◆ Task description:
Quote all of the data exactly as given. Skip every picture it contains.

◆ Data:
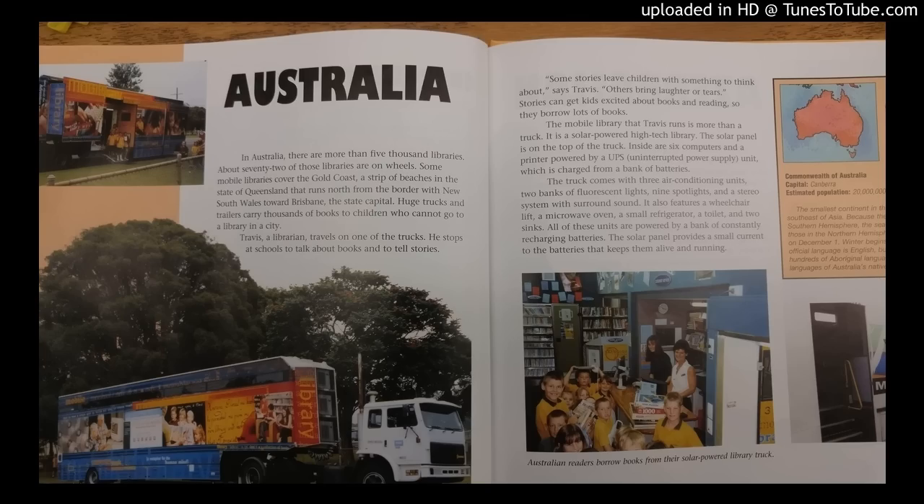It also features a wheelchair lift, a microwave oven, a small refrigerator, a toilet, and two sinks. All of these units are powered by a bank of constantly recharging batteries. The solar panel provides a small current to the batteries that keeps them alive and running.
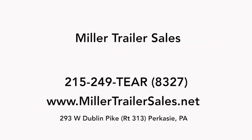If you're looking for a teardrop trailer, a camping trailer, a lightweight trailer, and you live in Pennsylvania, going all the way up to Boston, down to Florida, throughout really the country — Miller Trailer Sales can help.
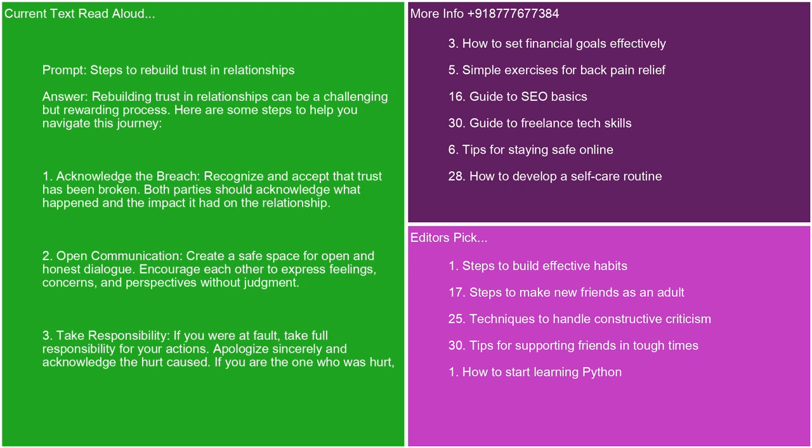Rebuilding trust in relationships can be a challenging but rewarding process. Here are some steps to help you navigate this journey. 1. Acknowledge the breach. Recognize and accept that trust has been broken. Both parties should acknowledge what happened and the impact it had on the relationship. 2. Open communication. Create a safe space for open and honest dialogue. Encourage each other to express feelings, concerns, and perspectives without judgment. 3. Take responsibility.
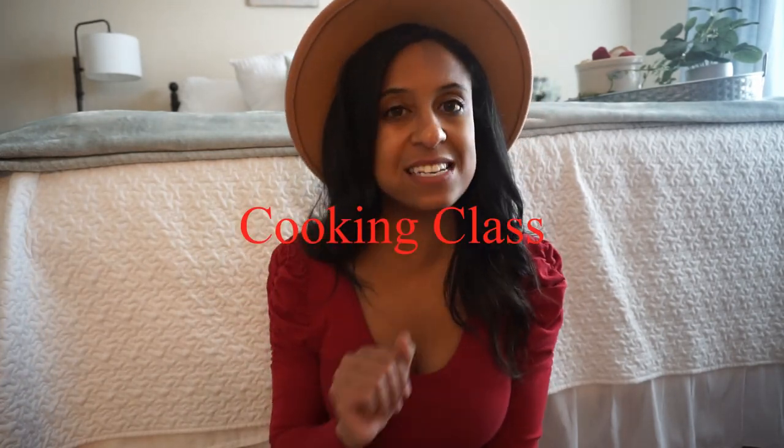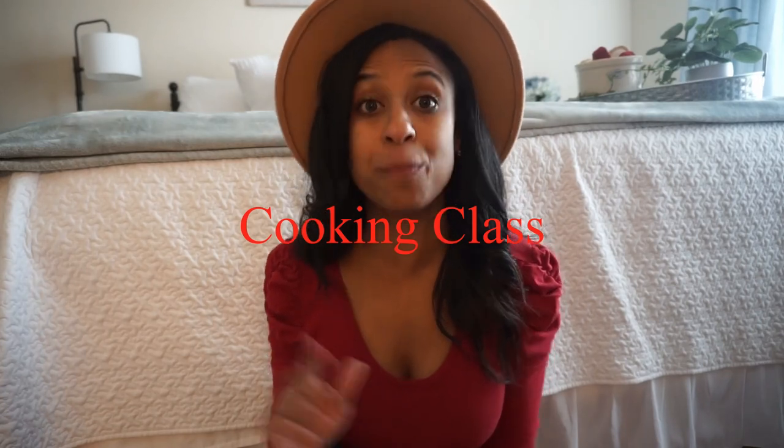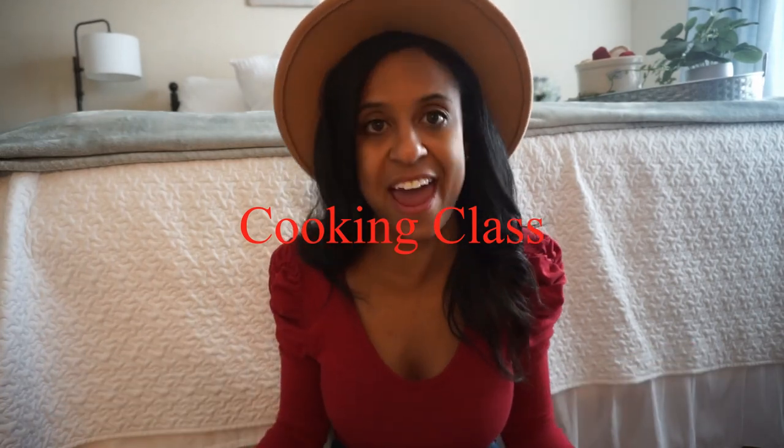On to number two — an indoor cooking class. These date nights are also pretty cool because if you have all the tools, they are free. Find your favorite YouTube cooking channel, set your laptop up in the kitchen, pre-watch the video, and grab all of their ingredients at your grocery store.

◆ Solution to the exercise:
It also features a wheelchair lift, a microwave oven, a small refrigerator, a toilet, and two sinks. All of these units are powered by a bank of constantly recharging batteries. The solar panel provides a small current to the batteries that keeps them alive and running.
If you're looking for a teardrop trailer, a camping trailer, a lightweight trailer, and you live in Pennsylvania, going all the way up to Boston, down to Florida, throughout really the country — Miller Trailer Sales can help.
Rebuilding trust in relationships can be a challenging but rewarding process. Here are some steps to help you navigate this journey. 1. Acknowledge the breach. Recognize and accept that trust has been broken. Both parties should acknowledge what happened and the impact it had on the relationship. 2. Open communication. Create a safe space for open and honest dialogue. Encourage each other to express feelings, concerns, and perspectives without judgment. 3. Take responsibility.
On to number two — an indoor cooking class. These date nights are also pretty cool because if you have all the tools, they are free. Find your favorite YouTube cooking channel, set your laptop up in the kitchen, pre-watch the video, and grab all of their ingredients at your grocery store.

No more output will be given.